In “ILL by the Numbers: Using Custom Searches and Statistics to Increase the Noticeability of Your ILL Department,” we learned more about searches and reporting. You should keep metrics and provide reports to keep conversations going, keep you relevant. Make your data available (which we do). Examples were shown. You can customize and share these with library staff who don’t come to you.
Stan gave his presentation, “Stop saying No: Improving Fill Rates and Reducing Lending Denials in Interlibrary Loan,” which, along with the other sessions, is viewable on the Atlas Systems’ training site. Attendees responded with numerous questions and comments. The photo is below: he had a full house.

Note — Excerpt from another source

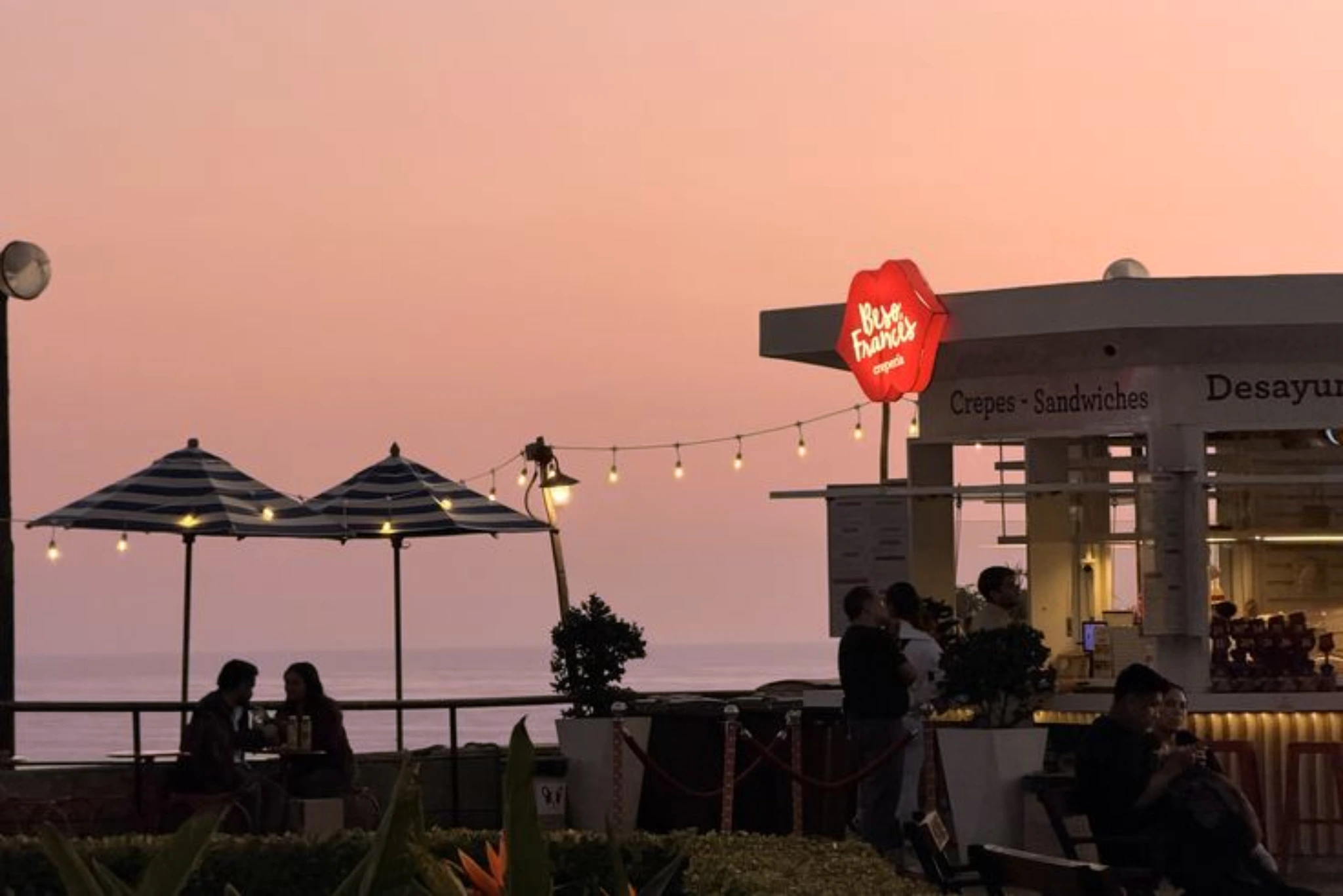 Experiences in Lima's Coast Beso Francés Restaurant | Peruvian Sunrise Experiences in Lima's Coast Beso Francés Restaurant | Peruvian Sunrise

In “Unlocking the Interlibrary Loan Code for the United States,” we learned about the latest undertaking of the Code revision, headed by Ohio State University. It will now be updated every 7 years to keep it current.
Its purpose: to establish principles to facilitate requesting and regulate the exchange of materials. It only applies to US libraries; international code is dictated by IFLA. The Code pertains to all library types and sizes and is system-neutral. The original code is 100 years old this year and began as the Code of Practice in 1916. Interesting quotes were shared from the original code.
What to do now: make sure your local practice and policies are not in violation of the Code.
- ILL is for single patron use and not for groups or classes
- Use secure packaging, no staples, and no labels on books
- Ship to correct location
- Pay attention to the redefined due date which eliminates shipping
- The main intention for interlibrary loan is for when you do not have a local copy, or if your local copy is unavailable: missing, damaged, checked out, etc.
- ILL with other countries is encouraged
- Requesting library must specify special requirements, comply with copyright law, be aware of related guidelines (CONTU)
- Pay promptly for lost materials, request renewals before due dates when possible
- Generous loan periods are encouraged as well as lending without fees
- If you do bill, do so promptly
- Fill all formats
- Work with those responsible for negotiating licenses to include favorable ILL terms
In “The Request Must Flow: Practical Workflows for Resource Sharing across Multiple Locations,” Binghamton University’s Melissa Perez recounted the library’s challenges with processing ILL requests at different locations on campus. She emphasized the importance of regular communication between staff, which she facilitates through “Resource Sharing Roundtables” (similar to our RCL DD-ILL summer meetings), and consistency between the locations with regards to policies and workflows.
The conference concluded with its regular “Unconference” session. Attendees suggested topics which they could then discuss as designated tables. Stan spent quite a bit of time at the RapidILL table, and shared our experience with the RapidR program.